Il reperto venne analizzato nel 2014 dal perito della Corte d’Appello Francesco De Stefano. Fu lui a estrarre il materiale genetico disponibile e a effettuare gli accertamenti che, secondo le sue conclusioni, non consentivano identificazioni certe. Quelle analisi esaurirono il campione biologico presente, impedendo successivamente la ripetizione degli esami sugli stessi reperti. Proprio questo aspetto è tornato oggi al centro delle contestazioni sollevate dagli investigatori che stanno riesaminando l’intero fascicolo.

Nel corso degli anni le interpretazioni di quel materiale sono cambiate più volte. Pasquale Linarello, consulente della difesa di Alberto Stasi, aveva già individuato nel 2016 una compatibilità tra l’aplotipo rinvenuto sotto le unghie della vittima e quello di Andrea Sempio. Una valutazione che all’epoca trovò punti di contatto anche nelle conclusioni di altri specialisti chiamati a esaminare gli atti.
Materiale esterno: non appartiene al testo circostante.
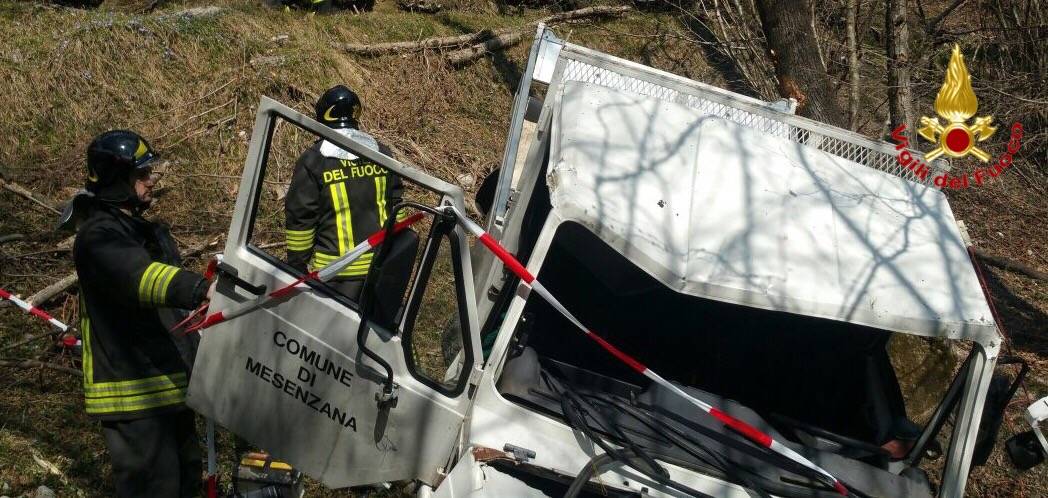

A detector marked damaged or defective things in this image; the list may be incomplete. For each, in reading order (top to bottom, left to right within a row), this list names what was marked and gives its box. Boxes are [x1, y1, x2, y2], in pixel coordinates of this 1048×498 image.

crashed white vehicle [188, 28, 1016, 498]
overturned truck [188, 28, 1016, 498]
Le nuove analisi e le contestazioni alla perizia del 2014

La nuova indagine della Procura di Pavia ha riportato quel materiale genetico al centro della scena. Nel dicembre 2025 la genetista Denise Albani, incaricata dagli inquirenti, ha effettuato una nuova valutazione della documentazione disponibile arrivando a conclusioni diverse. Pur evidenziando tutti i limiti derivanti dalla qualità e dalla quantità del materiale biologico, la consulente ha ritenuto compatibile il profilo esclusivamente con Andrea Sempio tra i soggetti esaminati.

La questione non riguarda soltanto il risultato finale ma anche il percorso che ha portato a quelle conclusioni. Nell’informativa dei carabinieri sono state evidenziate presunte incongruenze nelle valutazioni espresse da De Stefano durante il procedimento che portò alla condanna definitiva di Alberto Stasi. Gli investigatori ritengono che alcuni passaggi meritino ulteriori approfondimenti, soprattutto per quanto riguarda il rapporto tra il degrado del campione biologico e le esclusioni effettuate nel corso delle analisi.
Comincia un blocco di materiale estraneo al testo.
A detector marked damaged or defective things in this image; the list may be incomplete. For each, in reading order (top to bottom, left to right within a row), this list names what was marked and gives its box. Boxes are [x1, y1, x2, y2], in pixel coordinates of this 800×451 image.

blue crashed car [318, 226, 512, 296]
È proprio su questo punto che si concentra una parte delle contestazioni. Se il materiale risultava fortemente degradato, sostengono alcuni osservatori, occorre chiarire fino a che punto fosse possibile formulare esclusioni o attribuzioni con un grado sufficiente di affidabilità scientifica.

Il peso dell’aplotipo nella nuova indagine

La difesa di Alberto Stasi ricorda come già la Cassazione, nel 2013, avesse attribuito una notevole importanza al Dna trovato sotto le unghie di Chiara Poggi. All’epoca, però, il ragionamento riguardava il fidanzato della vittima e quindi un soggetto che, per la natura del rapporto, poteva aver lasciato tracce biologiche in modo del tutto naturale.

Oggi lo scenario è differente. L’indagine riguarda Andrea Sempio e il valore di quel reperto viene letto in un contesto completamente diverso. Proprio per questo motivo il dibattito scientifico si è riacceso con forza.

I consulenti della difesa di Sempio continuano a sottolineare che il cromosoma Y non consente un’identificazione individuale assoluta, ma individua una linea paterna condivisa da più persone. Gli investigatori, invece, ritengono che quel dato genetico acquisti significato quando viene inserito all’interno del quadro complessivo delle indagini.

La battaglia sul Dna, dunque, non riguarda soltanto una questione tecnica. Rappresenta uno dei passaggi centrali della nuova inchiesta e potrebbe influenzare in modo significativo la ricostruzione degli eventi del 13 agosto 2007. A quasi vent’anni dall’omicidio di Chiara Poggi, il materiale genetico trovato sotto le unghie della vittima continua infatti a essere uno degli elementi più discussi, analizzati e contestati dell’intero caso Garlasco.